I am getting different sort results for items with diacritics even though the collation being used is apparently the same.

So, after installing Postgress.app in my mac box for development I create the following table:

create table names (
    id int primary key,
    name varchar
)

and then insert a few values

insert into names values (1, "Francisco");
insert into names values (2, "Ana");
insert into names values (3, "Ágata");

and then query them like so:

select name from names order by name;

I get a wrong sorting order like so:

Ana
Francisco
Ágata

I can confirm with

select datname, 
       datcollate
from pg_database;

that the datcollate value for all databases is en_US.UTF-8.

To help me debug this problem, I quickly spinned up an RDS instance, with same data, query and collation, but this time I get the proper expected sort order of:

Ágata
Ana
Francisco

What am I missing here, and how can I configuration postgres in my dev box to behave as expected?

Best Answer

PostgreSQL uses the operating system for its locales (at least with libc as the collation provider, otherwise icu may be used), and unfortunately, different operating systems give inconsistent sort results for the same UTF-8 locale names.

The fact that UTF-8 collations with Postgres.app doesn't sort as expected is an old open item on their issue tracker: Problems with sort order (UTF8 locales don't work). It can't really be fixed unless Apple fixes macOS, and so far it's not happening. See Ordering differences between Postgres instances on different machines (same locale) for a 2012 question on SO mentioning the problem.

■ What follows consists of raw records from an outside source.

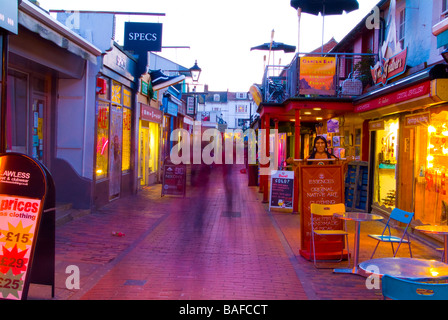 Brighton e Hove Scene di strada di notte Foto Stock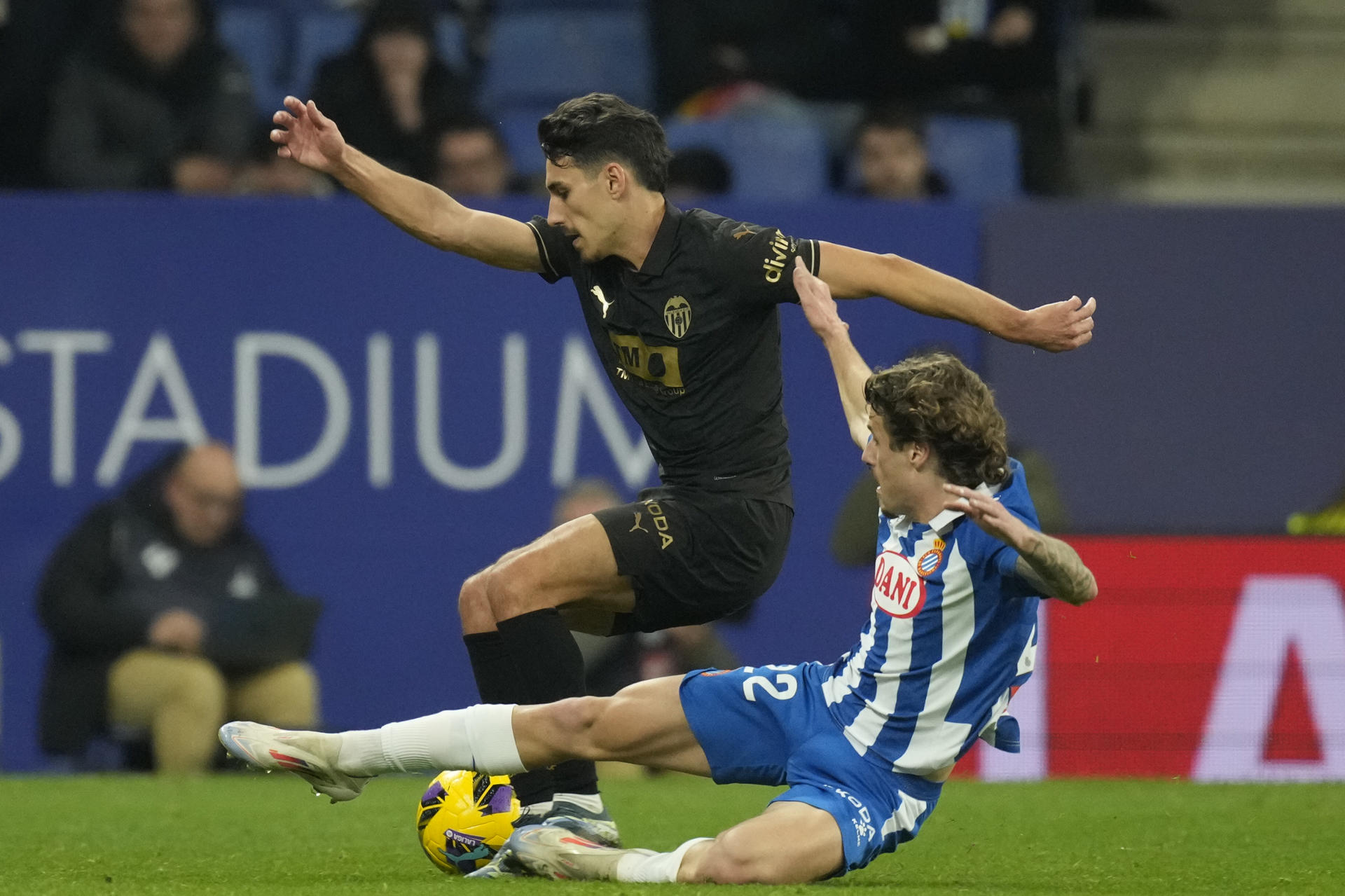 El centrocampista portugués del Valencia, André Almeida (i), intenta llevarse el balón ante el defensa del Espanyol, Carlos Romero, en el RCDE Stadium, en Barcelona en foto de archivo de Enric Fontcuberta. EFE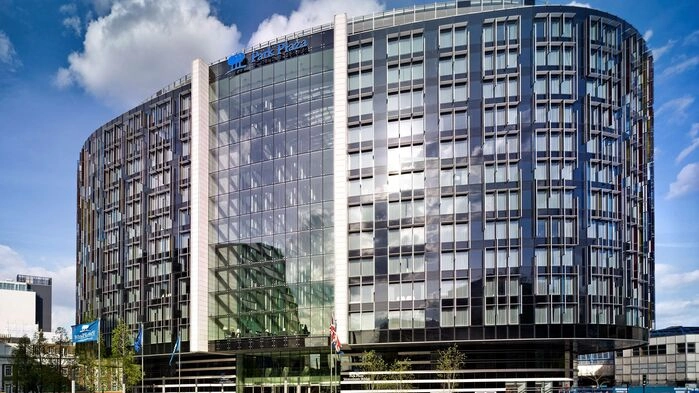 I London tar vi in på Park Plaza Westminster Bridge som ligger centralt vid Themsen, mittemot klocktornet Big Ben. Vi har tillgång till hotellets spa.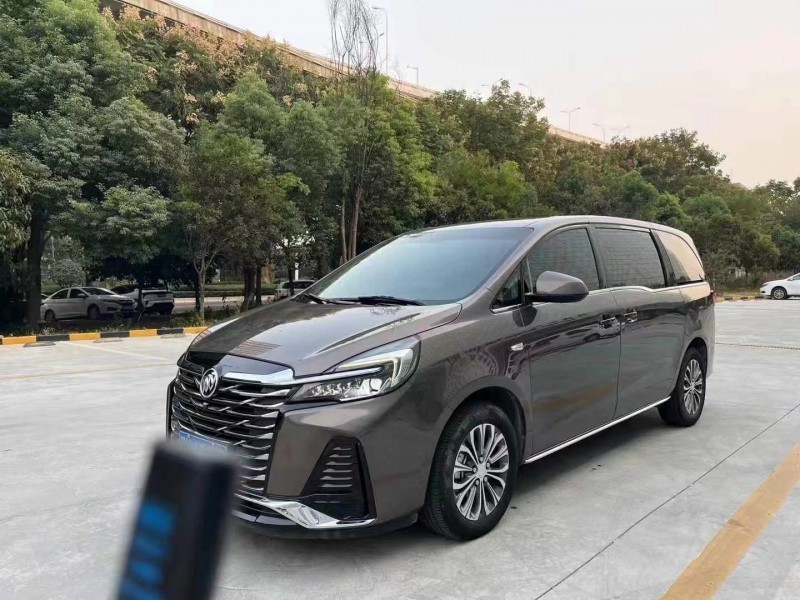 武汉22年别克GL83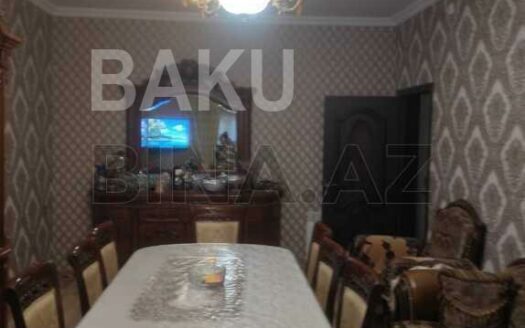 4 Room House / Villa for Sale in Baku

What am I missing here, and how can I configuration postgres in my dev box to behave as expected?

Your options:

  • use the same operating system for dev and production, possibly virtualized.

  • use ICU collations. They sort the same across all operating systems, but as of PG version 12, they can be used only with explicit COLLATE clauses at the column or expression level (not at the database level).

  • use the "C" or "C.UTF-8" collations, which sort binary-wise by codepoints. They don't provide a linguistically-aware sort order, but they're faster, immutable and consistent across operating systems.